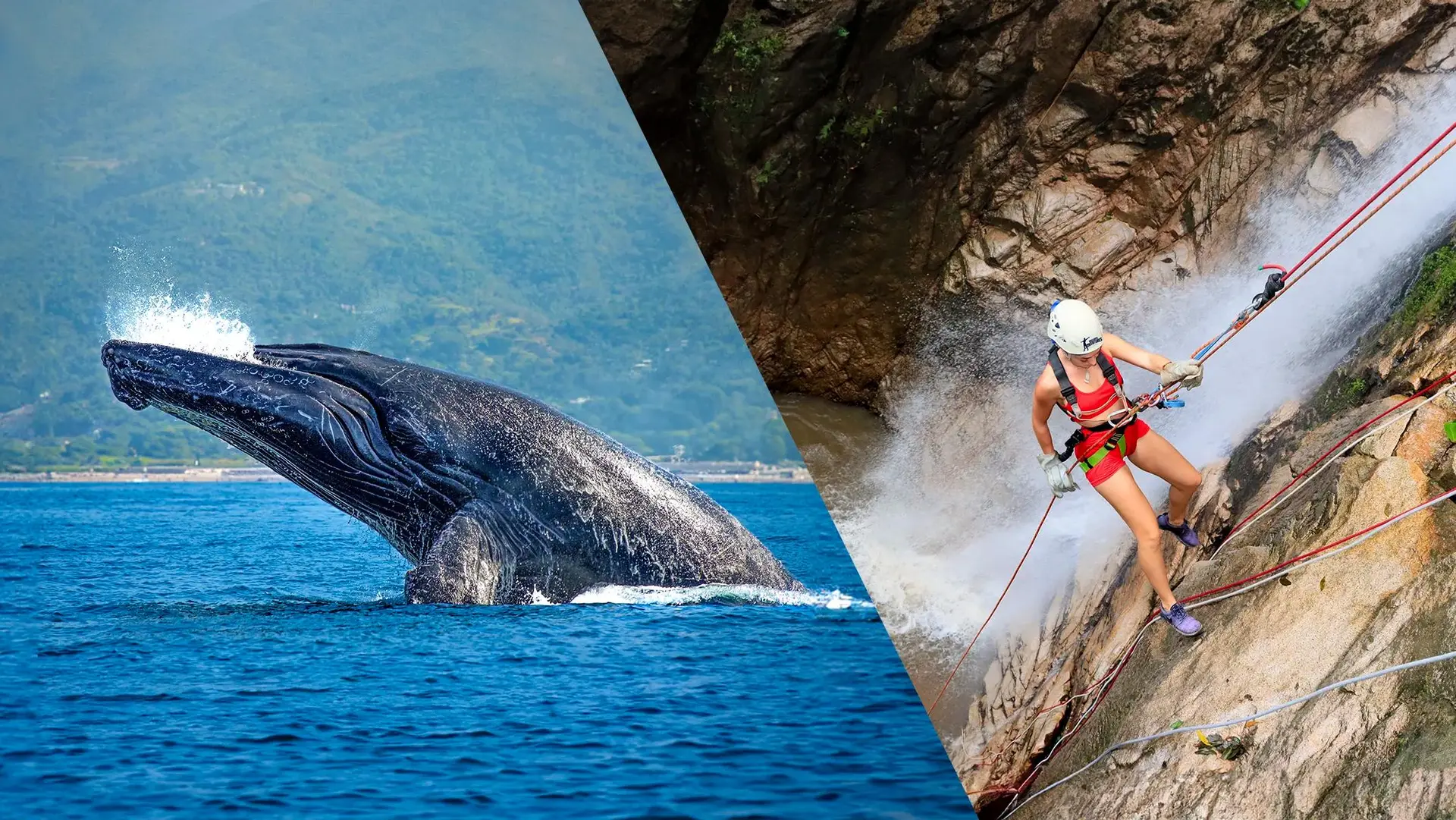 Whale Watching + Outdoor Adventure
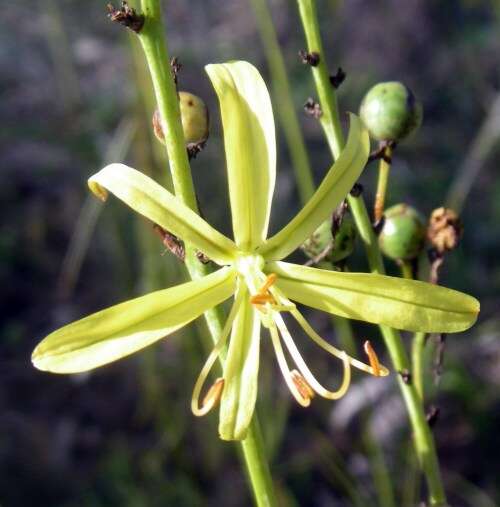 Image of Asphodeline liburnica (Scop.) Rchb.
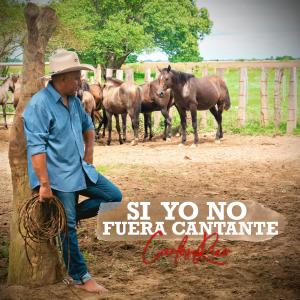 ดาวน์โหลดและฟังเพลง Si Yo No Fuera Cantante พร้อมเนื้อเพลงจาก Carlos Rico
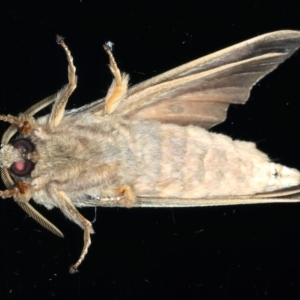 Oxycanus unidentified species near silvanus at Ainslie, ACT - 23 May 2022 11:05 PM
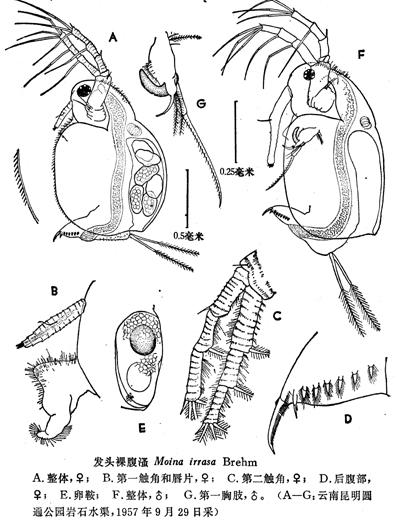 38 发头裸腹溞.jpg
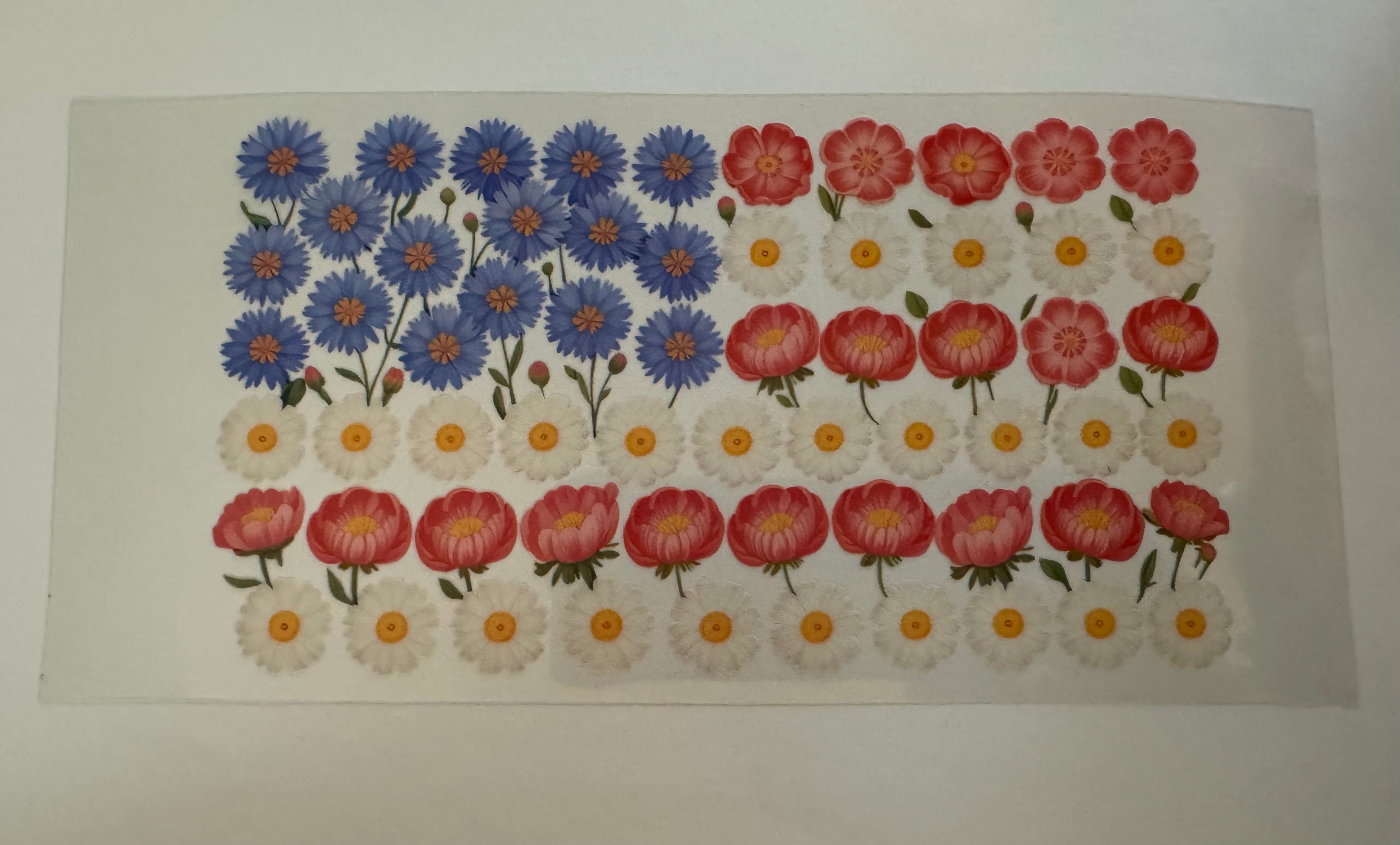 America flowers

------------------------------------------------------------------------

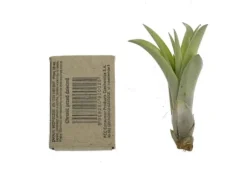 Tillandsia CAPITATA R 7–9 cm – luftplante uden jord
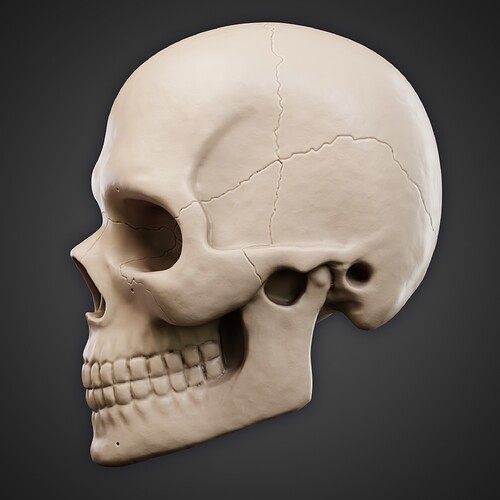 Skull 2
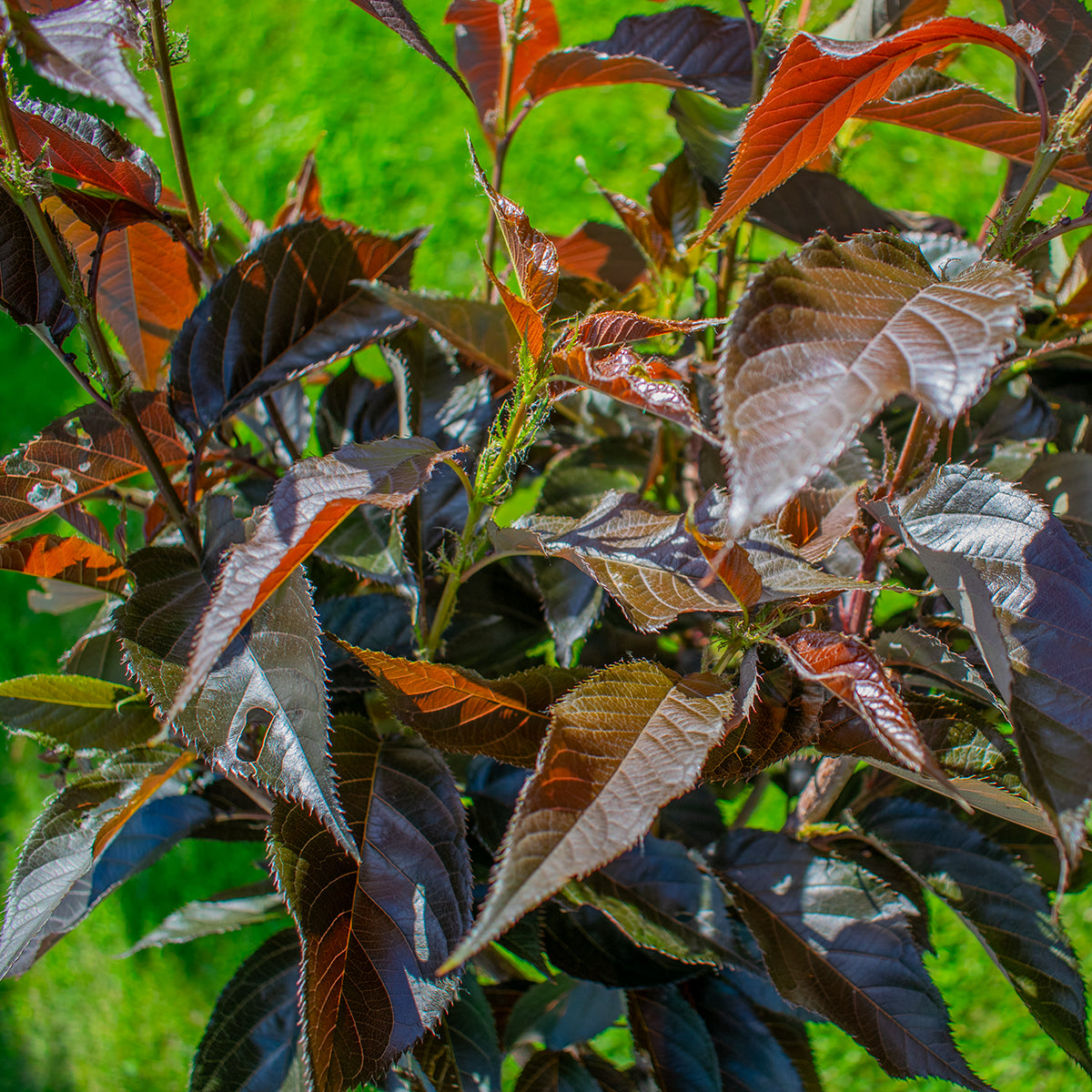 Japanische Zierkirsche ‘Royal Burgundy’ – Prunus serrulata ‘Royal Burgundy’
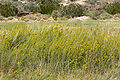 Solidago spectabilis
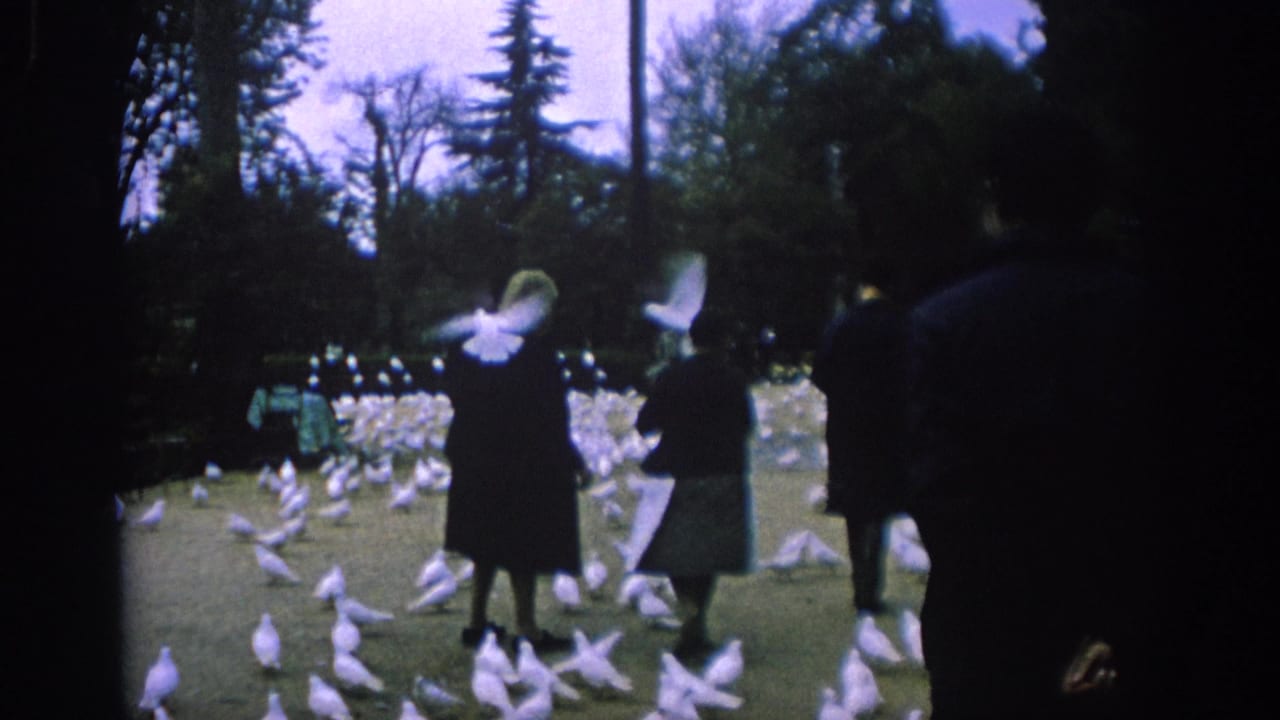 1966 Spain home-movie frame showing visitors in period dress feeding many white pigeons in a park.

------------------------------------------------------------------------

EXERCISE INSTRUCTIONS :: Your answer must be the exact lines from the records above, from the one containing "Whale Watching + Outdoor Adventure" through the one containing "America flowers", both included, with every picture left out.

WRITTEN ANSWER ::
 Whale Watching + Outdoor Adventure
 Image of Asphodeline liburnica (Scop.) Rchb.
 ดาวน์โหลดและฟังเพลง Si Yo No Fuera Cantante พร้อมเนื้อเพลงจาก Carlos Rico
 Oxycanus unidentified species near silvanus at Ainslie, ACT - 23 May 2022 11:05 PM
 38 发头裸腹溞.jpg
 America flowers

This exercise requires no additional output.